Dataframe grouping methods#

class pystarburst.relational_grouped_dataframe.GroupingSets(*sets: Column | List[Column])#

Bases: object

Creates a GroupingSets object from a list of column/expression sets that you pass to DataFrame.group_by_grouping_sets(). See DataFrame.group_by_grouping_sets() for examples of how to use this class with a DataFrame. See GROUP BY GROUPING SETS for its counterpart in SQL (several examples are shown below).

Python interface

SQL interface

GroupingSets([col("a")], [col("b")])

GROUPING SETS ((a), (b))

GroupingSets([col("a") , col("b")], [col("c"), col("d")])

GROUPING SETS ((a, b), (c, d))

GroupingSets([col("a"), col("b")])

GROUPING SETS ((a, b))

GroupingSets(col("a"), col("b"))

GROUPING SETS ((a, b))

class pystarburst.relational_grouped_dataframe.RelationalGroupedDataFrame(df: DataFrame, grouping_exprs: List[Expression], group_type: _GroupType)#

Bases: object

Represents an underlying DataFrame with rows that are grouped by common values. Can be used to define aggregations on these grouped DataFrames.

agg(*exprs: Column | Tuple[ColumnOrName, str] | Dict[str, str]) DataFrame#

Returns a DataFrame with computed aggregates. See examples in DataFrame.group_by().

Parameters:

exprs

A variable length arguments list where every element is

  • a Column object

  • a tuple where the first element is a column object or a column name and the second element is the name of the aggregate function

  • a list of the above

  • a dict maps column names to aggregate function names.

Note

The name of the aggregate function to compute must be a valid Trino aggregate function.

See also

  • DataFrame.agg()

  • DataFrame.group_by()

avg(*cols: ColumnOrName) DataFrame#

Return the average for the specified numeric columns.

builtin(agg_name: str) Callable#

Computes the builtin aggregate agg_name over the specified columns.
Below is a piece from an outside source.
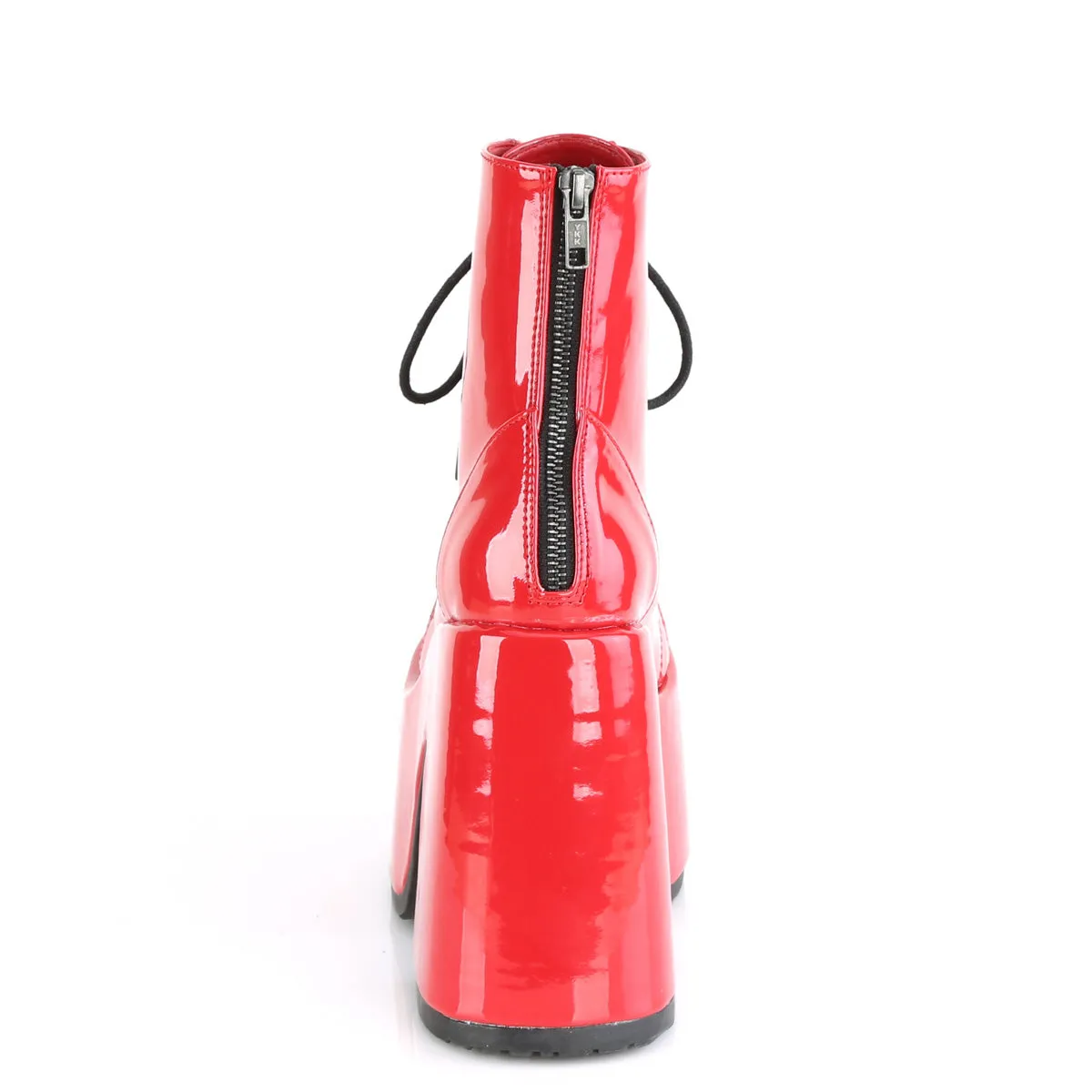 5 Inch Chunky Heel CAMEL-203 Red Patent Ankle Wedge Boots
Use this function to invoke any aggregates not explicitly listed in this class. See examples in DataFrame.group_by().

count() DataFrame#

Return the number of rows for each group.

function(agg_name: str) Callable#

Computes the builtin aggregate agg_name over the specified columns. Use this function to invoke any aggregates not explicitly listed in this class. See examples in DataFrame.group_by().

max(*cols: ColumnOrName) DataFrame#

Return the max for the specified numeric columns.

mean(*cols: ColumnOrName) DataFrame#

Return the average for the specified numeric columns.

min(*cols: ColumnOrName) DataFrame#

Return the min for the specified numeric columns.

sum(*cols: ColumnOrName) DataFrame#

Return the sum for the specified numeric columns.